--- EXERCISE GOAL ---
Please give back, exactly as written, the lines from the line with "R8 DEEP TISSUE MASSAGE TOOL" to the line with "Episode 144: Healing Journey" in the listing below, leaving out all pictures.

--- TASK INPUT ---

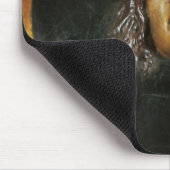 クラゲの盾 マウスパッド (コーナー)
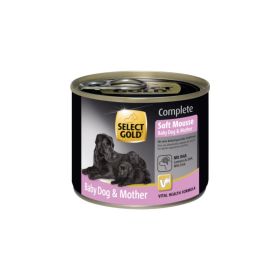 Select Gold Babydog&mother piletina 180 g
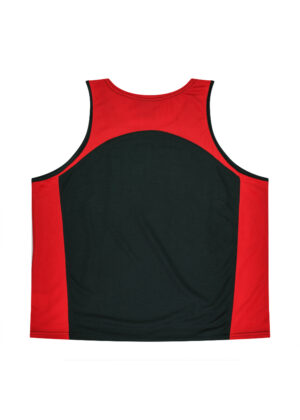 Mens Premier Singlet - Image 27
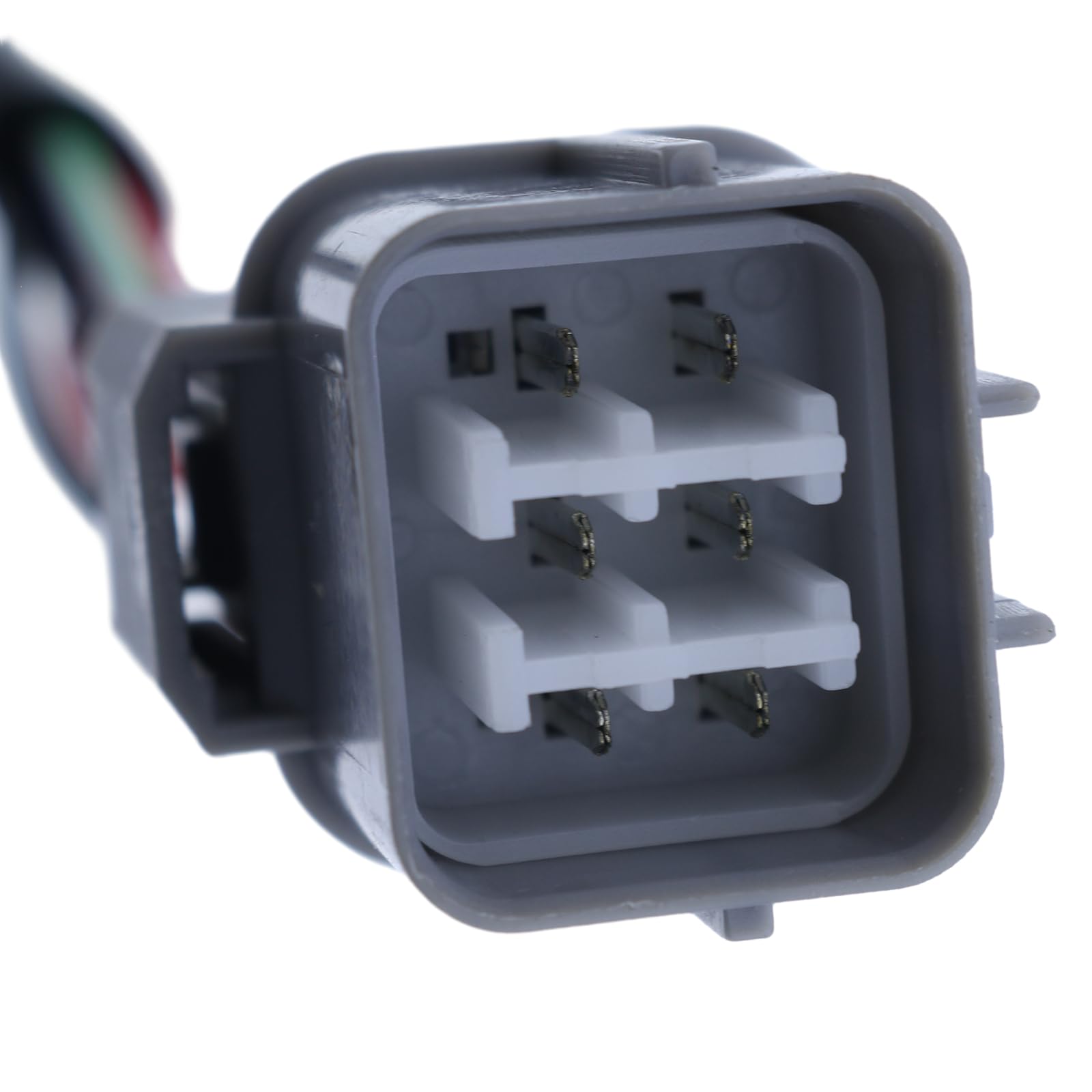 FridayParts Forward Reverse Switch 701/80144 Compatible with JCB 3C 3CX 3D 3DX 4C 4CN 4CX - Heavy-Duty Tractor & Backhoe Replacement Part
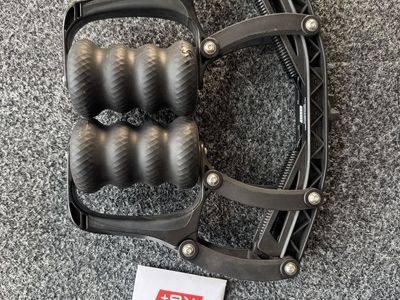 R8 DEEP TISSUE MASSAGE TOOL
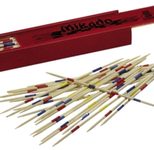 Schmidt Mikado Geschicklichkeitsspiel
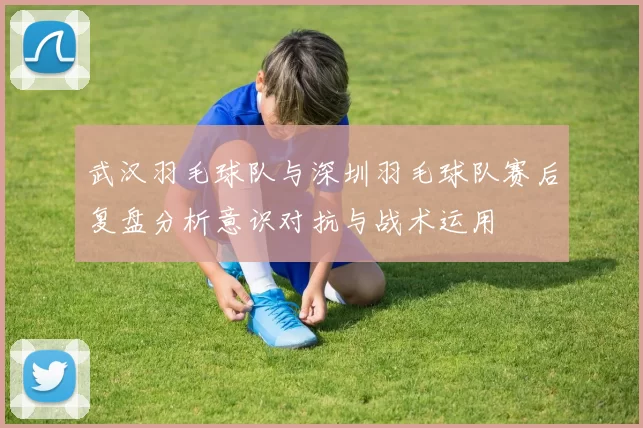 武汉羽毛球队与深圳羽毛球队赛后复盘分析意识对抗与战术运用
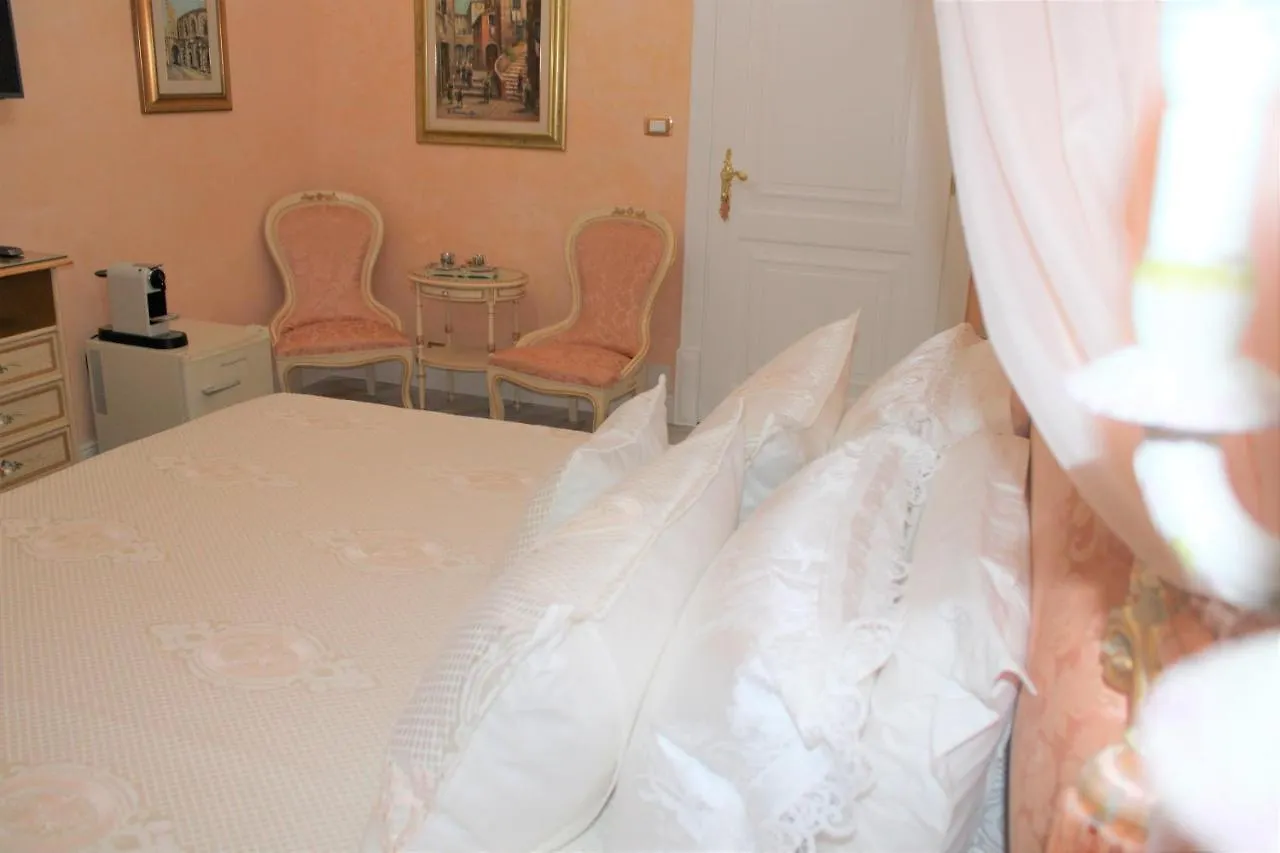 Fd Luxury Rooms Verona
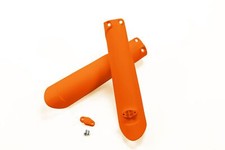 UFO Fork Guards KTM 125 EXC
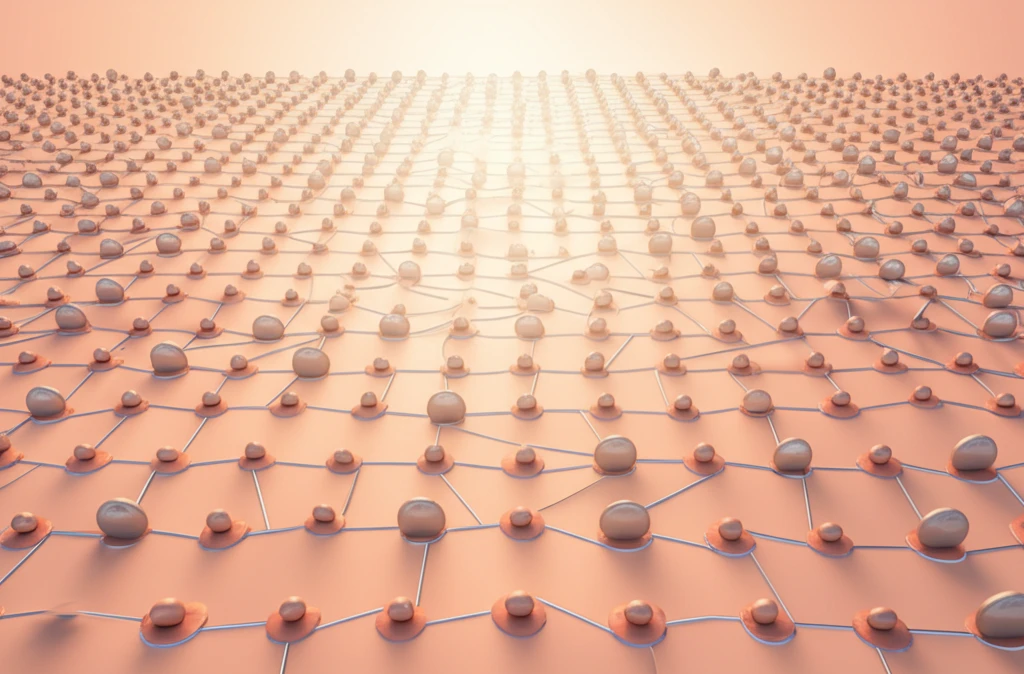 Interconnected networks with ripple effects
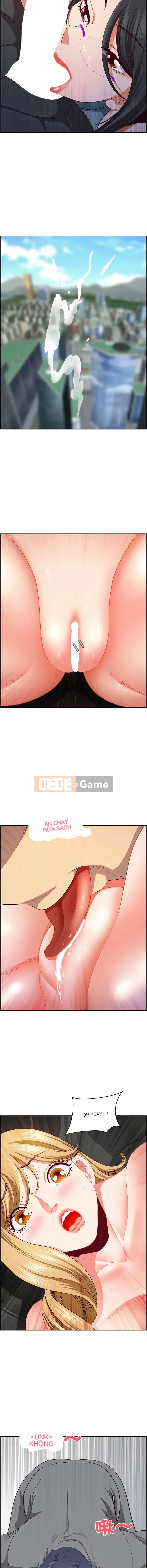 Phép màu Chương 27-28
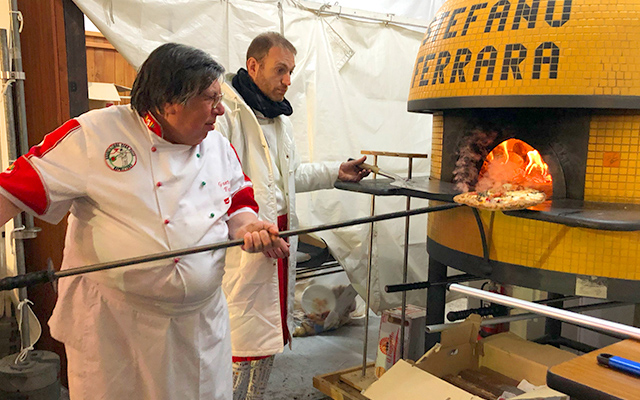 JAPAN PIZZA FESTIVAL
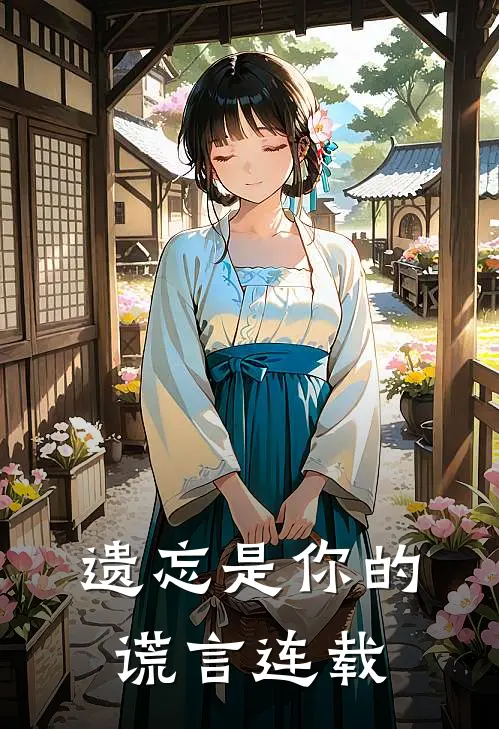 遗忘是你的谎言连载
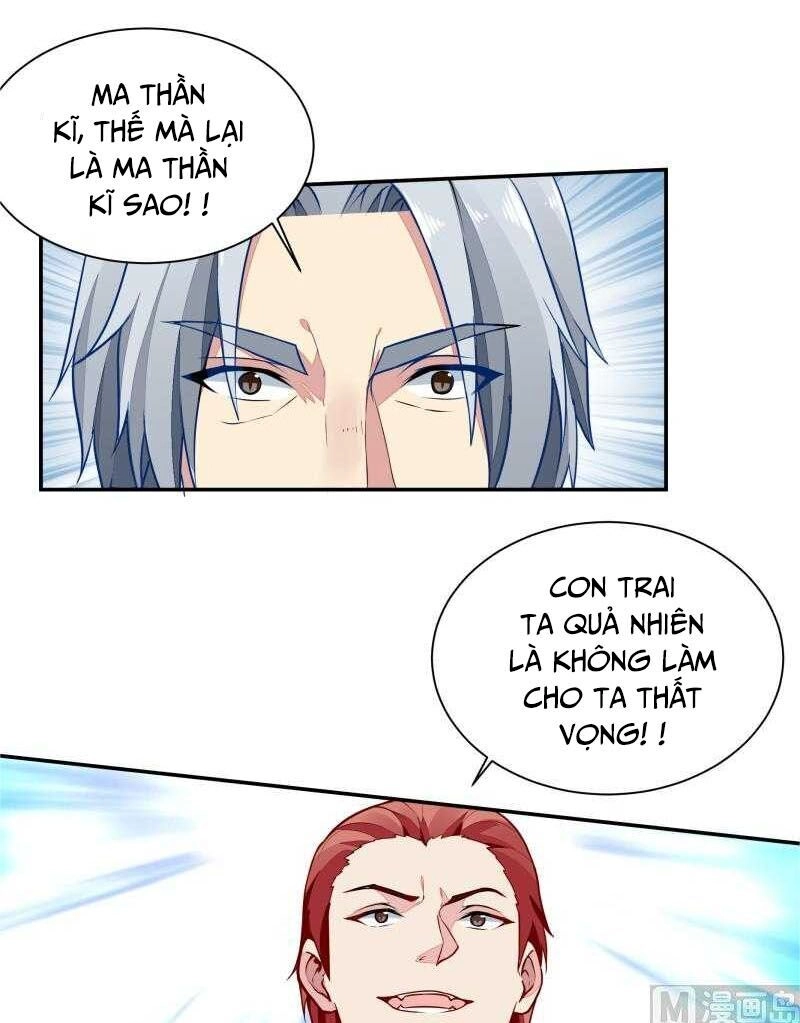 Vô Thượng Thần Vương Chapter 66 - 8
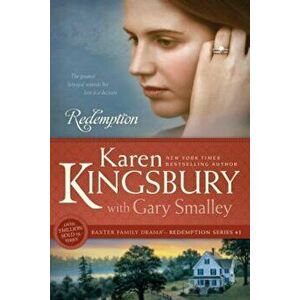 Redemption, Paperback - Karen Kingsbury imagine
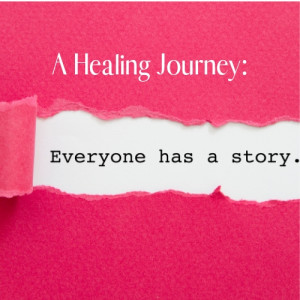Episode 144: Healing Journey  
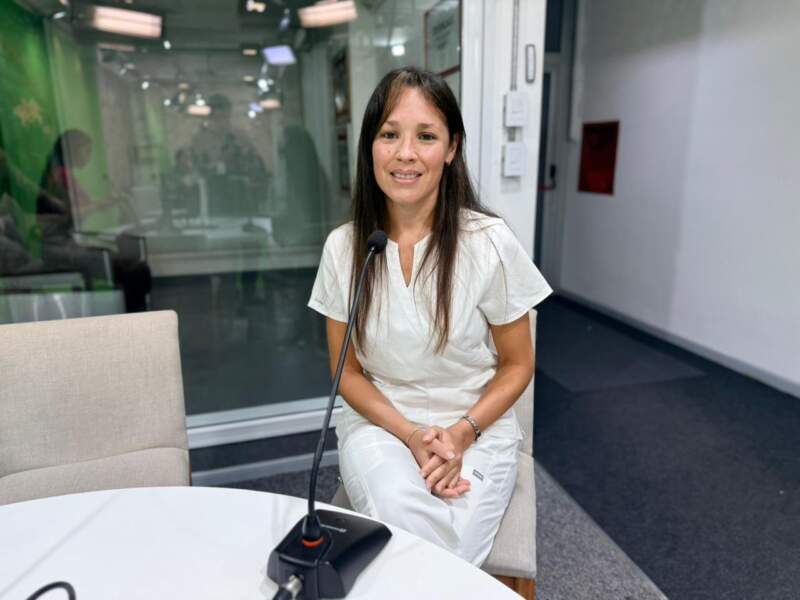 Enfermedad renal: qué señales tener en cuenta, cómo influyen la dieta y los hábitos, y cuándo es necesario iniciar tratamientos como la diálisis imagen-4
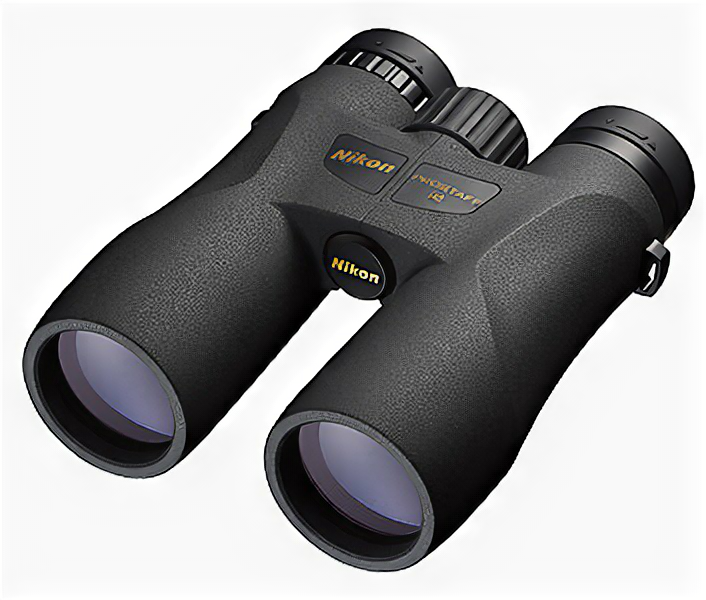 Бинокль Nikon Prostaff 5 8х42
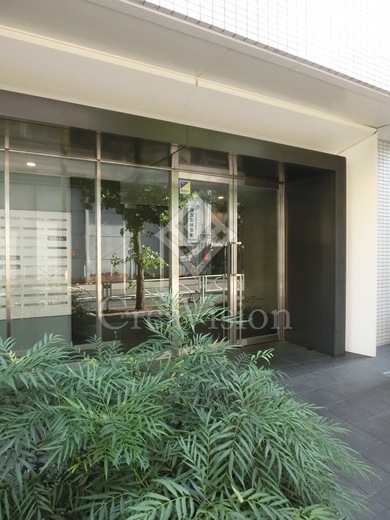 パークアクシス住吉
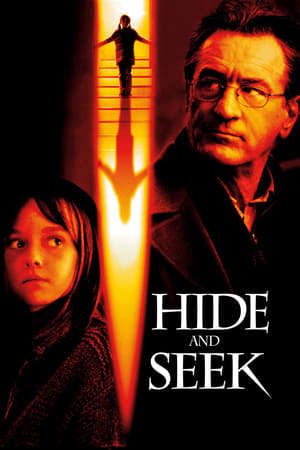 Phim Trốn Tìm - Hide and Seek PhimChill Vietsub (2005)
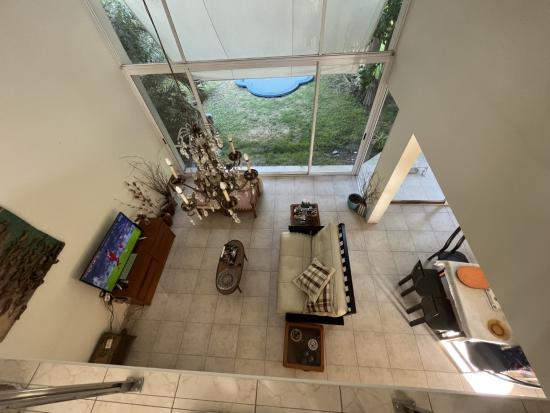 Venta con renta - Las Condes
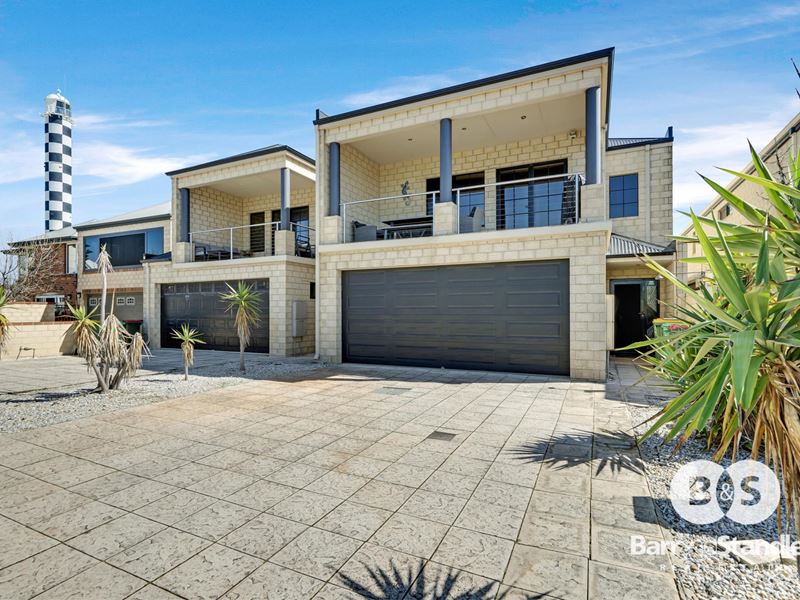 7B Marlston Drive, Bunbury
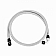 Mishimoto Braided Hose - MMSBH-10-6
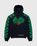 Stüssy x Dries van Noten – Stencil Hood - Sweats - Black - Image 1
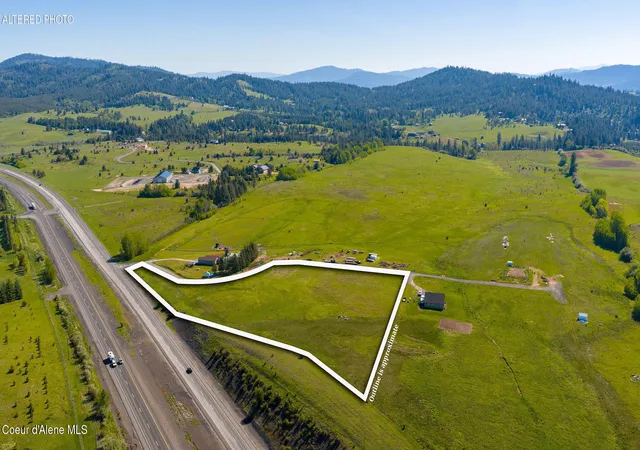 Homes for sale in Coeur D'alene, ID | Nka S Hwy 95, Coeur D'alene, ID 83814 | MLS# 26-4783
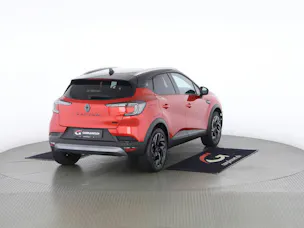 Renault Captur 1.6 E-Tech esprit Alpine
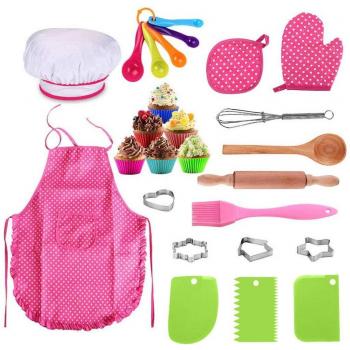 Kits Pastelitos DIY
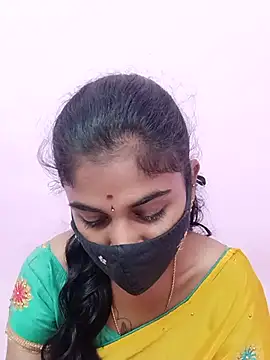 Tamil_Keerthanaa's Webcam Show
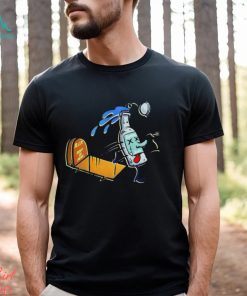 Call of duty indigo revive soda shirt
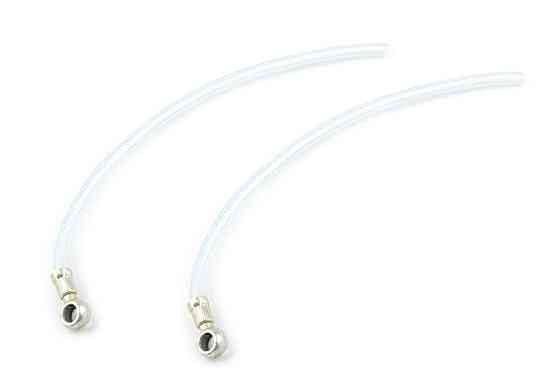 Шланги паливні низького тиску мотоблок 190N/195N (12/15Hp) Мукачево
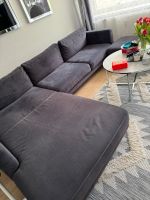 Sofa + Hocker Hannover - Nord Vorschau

--- OUTPUT OF THE EXERCISE ---
 R8 DEEP TISSUE MASSAGE TOOL
 Schmidt Mikado Geschicklichkeitsspiel
 武汉羽毛球队与深圳羽毛球队赛后复盘分析意识对抗与战术运用
 Fd Luxury Rooms Verona
 UFO Fork Guards KTM 125 EXC
 Interconnected networks with ripple effects
 Phép màu Chương 27-28
 JAPAN PIZZA FESTIVAL
 遗忘是你的谎言连载
 Vô Thượng Thần Vương Chapter 66 - 8
 Redemption, Paperback - Karen Kingsbury imagine
Episode 144: Healing Journey  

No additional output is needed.